What I'm saying is, no one can work it for you besides you. Maybe the stimulus of the points and discussions of others can point you in the right direction, but ultimately it's going to be you yourself who succeeds or fails.

yaak said...

Just FYI:

R' Ovadia's son, Rav Yitzhak Yosef, wrote in Ein Yitzhak vol. 3 about 30 pages talking about whether we follow the Pashtanim or Mekubalim.

He concludes that we follow the Pashtanim (and mentions that his father changed the mindset from the way it was 50 years ago, where many Sepharadim followed the Mekubalim, presumably, from the Ben Ish Hai's influence).

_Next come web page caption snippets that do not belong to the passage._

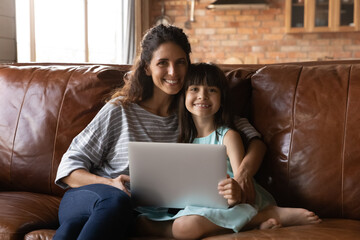 Happy little Latin daughter girl and young mom holding laptop, enjoying leisure time on sofa at home, looking at camera, smiling, distracting from watching movie, online shopping. Family portrait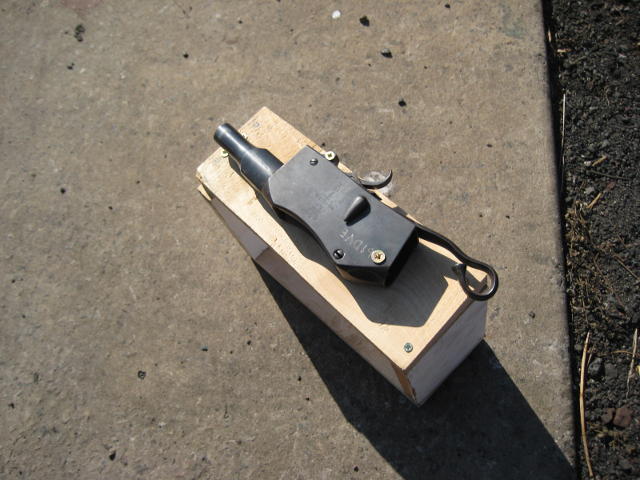 The truncated rifle on its wooden frame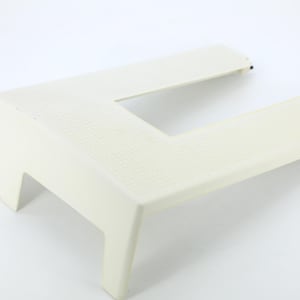 Peut inclure: Une table d'extension pour machine à coudre en plastique crème avec une découpe en forme de U. La surface supérieure présente une texture en grille fine, et l'unité est soutenue par deux pieds à l'avant, conçue pour offrir un espace de travail plat.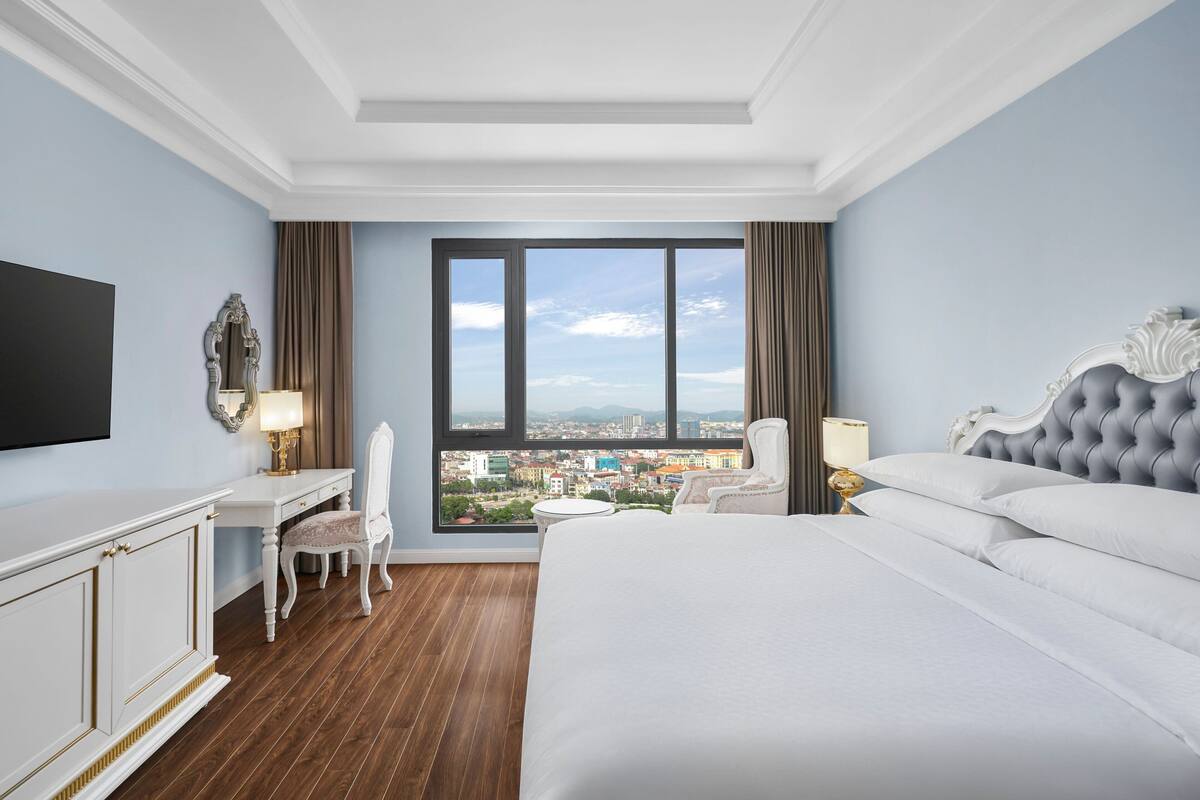 Une chambre d’hôtel avec un grand lit, un bureau, une chaise et une vue sur la ville grâce à de grandes fenêtres.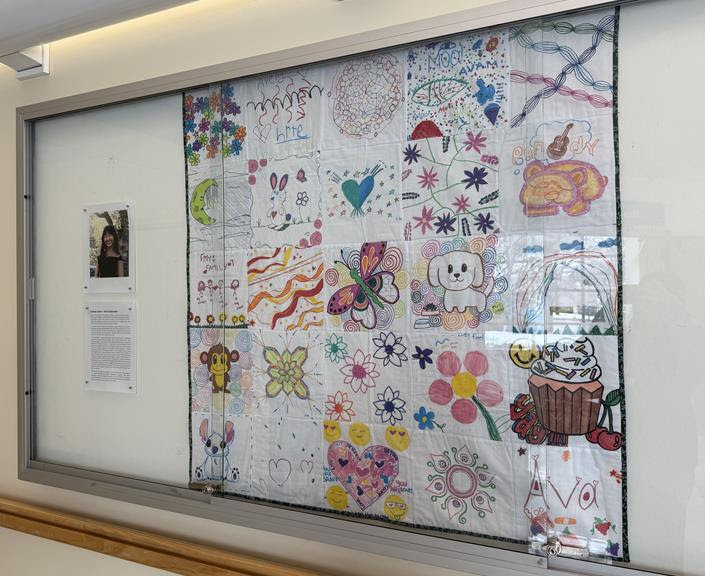 Glass display box featuring photo of Sydney Chon and her artist's statement (on the left) and the quilt itself on the right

The only exception is in Hilchot Tefilla, where we follow the Mekubalim.

Joel said...

Resurrecting this thread 4 years later:

The gemara in zevachim on the very next amud also seems to reflect the opinion that Pinchas was a kohein earlier. It quotes a beraita about Elisheva bat Aminadav, who had 5 semachot on the day the mishkan was inaugarated. One of the 5 is that her grandson, Pinchas, was the mashuach milchama. This seems to imply that Pinchas was a kohein 38 years before the incident with Zimri.

See the Maharsha ad loc. who clearly reads the gemara like this.

menachem said...

A point to ponder. The Midrash Rabbah (Bamidbar 20:26) lists 12 miracles that occurred in the story of Pinchas and Zimri.

Two of them were that Pinchas did not become impure. 1) The blood did not drip on him 2) G-d kept Zimri and Kozbi alive, so as not to make Pinchas impure.

Perhaps this Midrash held that Pinchas was a Kohen. Otherwise, why would G-d make a special miracle not to make Pinchas impure?